I didn’t even fly home for October break when my mother was doing her last three months of a year of chemotherapy. 

I imagine my Homecoming will look something like this: I will wake with my sweet crusty little white dog in my bed, and my mom will have already gotten up to go to work at 6 a.m. I will suddenly be overwhelmed with a sense of panic, that something is truly and deeply wrong. I will rush out of bed to my parents room to check if my dad is still breathing. He will be, hopefully snoring, sound asleep. Since he got sick, I have been overcome with visions of the moment I get “the call.”

This is why I am home for October break for the first time in my Yale career. My dad will be upset when he reads this. He will hate to hear that I’m coming home because I fear that every moment I get to spend with him will be my last. 

I am not going home to wake up to my mother baking cinnamon rolls and to frolic with home friends and play in the changing leaves. Most of my home friends have moved away. 

Any sense of Homecoming, to me, has become deeply bittersweet over the years. New Haven and Yale, despite their many flaws, have become home. They’ve become my escape for the past four years. There was a brief wobble in this sense of home, a significant breakup which sent me running to Sweden. But that’s the problem with running from what you know and are too scared to face, your fears will only catch up with you.

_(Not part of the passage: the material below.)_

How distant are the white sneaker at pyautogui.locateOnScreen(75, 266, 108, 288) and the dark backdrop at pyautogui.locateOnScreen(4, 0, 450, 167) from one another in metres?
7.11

The last Homecoming I had was before my dad got sick. I flew home from Stockholm, after an extremely dark and cold semester. I slept the entire flight from Sweden to New York, and then sat and stared out the window the entire flight from New York to Vancouver. The air in Vancouver is scented by years of old growth forests which have been carefully preserved, tinged with crisp snow and sweet salty ocean tang. It smells like home. 

Never before have I felt ecstacy like when I landed in Vancouver after my four months in Sweden. I surprised my pseudo-sister at her 24th birthday party. I had more energy than I had had all year. I knew everything was going to be okay. 

Now, I come home to a much sadder reality, for a much more significant purpose.

Of course, I must shamefully admit that I am not just returning home because of my duties as a devoted and loving daughter. I want to see Hillary, my beloved nail tech, Sam, my sweet old Prius — and of course, there’s a boy. 

Despite the sad and tormenting circumstances that resulted in me forking over an arm and a leg on JetBlue red-eyes to Vancouver, there is a hopeful reality in which my October break is sweet and sentimental. 

I wake in my childhood bed with my crusty white dog; my mom has already left for work at 6 a.m., and I check on my dad to find him sitting in bed, reading as he always is. He smiles at me, and I remember that despite the ever volatile circumstances of life, at least I am home.